🍿 Deduplicate feeds from NetNewsWire

Snacks (🍿) are my collection of recipes for solving problems. Often recorded (and cleaned up) from actual discussions where I'm involved in helping others with technical problems. Not all solutions are mine but I started collecting them in one place because you never know when you need one.

I use [NetNewsWire] as my "lobby" RSS reader: it's a place where I add a bunch of feeds, usually from blogging challenges through OPML files and then read them there before they make it to my main Feedly feed.

However, as years go by, same blogs appear multiple times and that's annoying. As I imported Blaugust 2024 participant OPML to my feed, I ended up with quite a few duplicates.

I don't have the patience to go through them manually so I started exploring programmatical options.
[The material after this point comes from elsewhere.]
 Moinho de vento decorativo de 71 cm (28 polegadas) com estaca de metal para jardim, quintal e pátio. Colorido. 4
NetNewsWire stores the feed information in ~/Library/Containers/com.ranchero.NetNewsWire-Evergreen/Data/Library/Application Support/NetNewsWire/Accounts/OnMyMac/Subscriptions.opml file (on Mac). The OPML format is XML so I was able to take advantage of the nice xmllint tool that comes pre-installed on a Mac.

Step 0, take backups

It's a good idea to take a backup of the Subscription file so manually messing with it doesn't ruin your RSS reader completely.

cp Subscriptions.opml Subscriptions.opml.bak

Step 1, find all the feed URLs

xmllint --xpath "//outline/@xmlUrl" Subscriptions.opml

With --xpath, we can give it an Xpath Expression and it will return all it finds. //outline matches all <outline> elements and /@xmlUrl finds the xmlUrl attribute inside.

Step 2, find duplicates

xmllint --xpath "//outline/@xmlUrl" Subscriptions.opml | sort | uniq -c | sort --numeric-sort

I used a classic shell trick of sorting the list alphabetically, then combining exact matches and counting them (with -c flag) and sorting again, now based on the amount of times we saw each URL.
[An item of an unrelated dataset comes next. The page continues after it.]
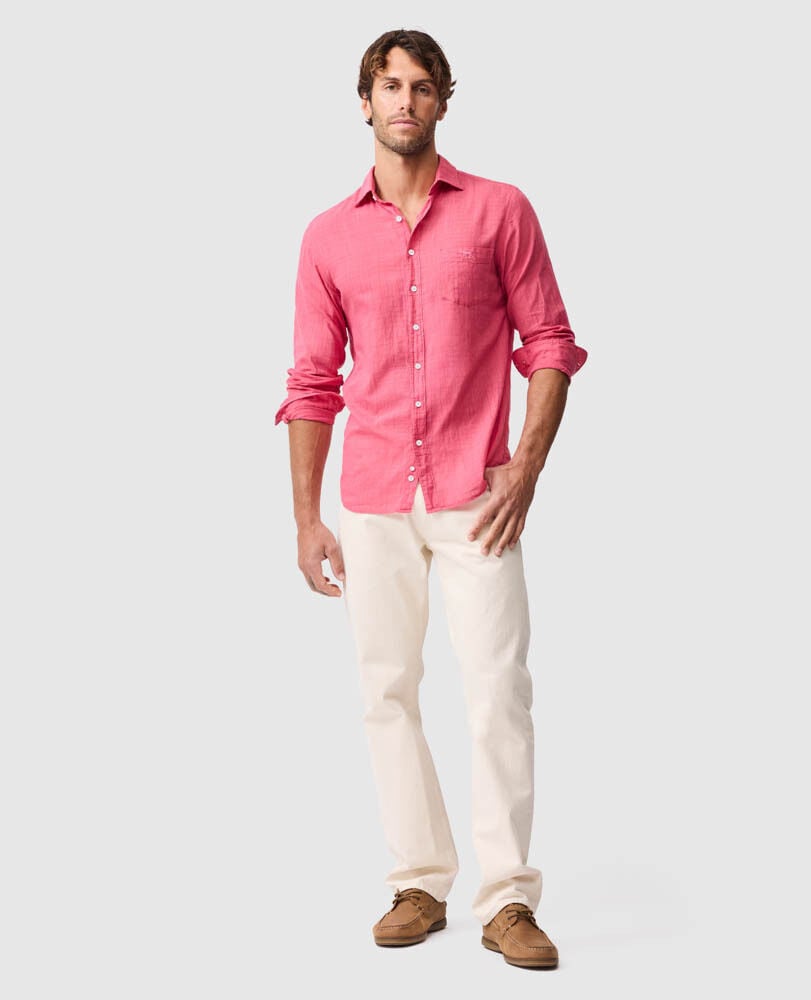 Taupo Bay Sports Fit Shirt, GERANIUM, Off Front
Step 3, only show duplicates

To only show ones that have values higher than 1, I add a bit of awk at the end:

xmllint --xpath "//outline/@xmlUrl" Subscriptions.opml | sort | uniq -c | sort --numeric-sort | awk -F' ' '{if($1>1)print$2}'

The awk command defines a separator to be space (-F' '), then checks if the first item is larger than 1 (if($1>1)) and if it is,m prints the second value (print$2).

Step 4, remove duplicates from file

I did step 4 manually, by opening the Subscriptions.opml file in a code editor and searching for the short list of duplicates, removing the older entries.

Step 5, some are duplicates but with slightly different URLs

Sometimes the exact feed URL might have changed and I wanted to clear also duplicates based on the title of the feed.

To do that, I changed the first part of the command to:

xmllint --xpath "//outline/@title" Subscriptions.opml

and the final part (awk) to

grep -ve "^\s*1"

since I couldn't rely on space as the separator. What this does is that it finds all the lines where

the line does not (-v) start
with regular expression (-e) of
^\s*1
- ^ = start of line
- \s* = any number of white space
- 1 = number 1

(One could use this instead of the awk in step 3 as well, I left both of them here for the sake of learning new tools.)

I then did step 4 again but this time with the duplicate titles

Step 6, restart NetNewsWire

To make NetNewsWire reload the feeds, restart it.

No more duplicates, yay!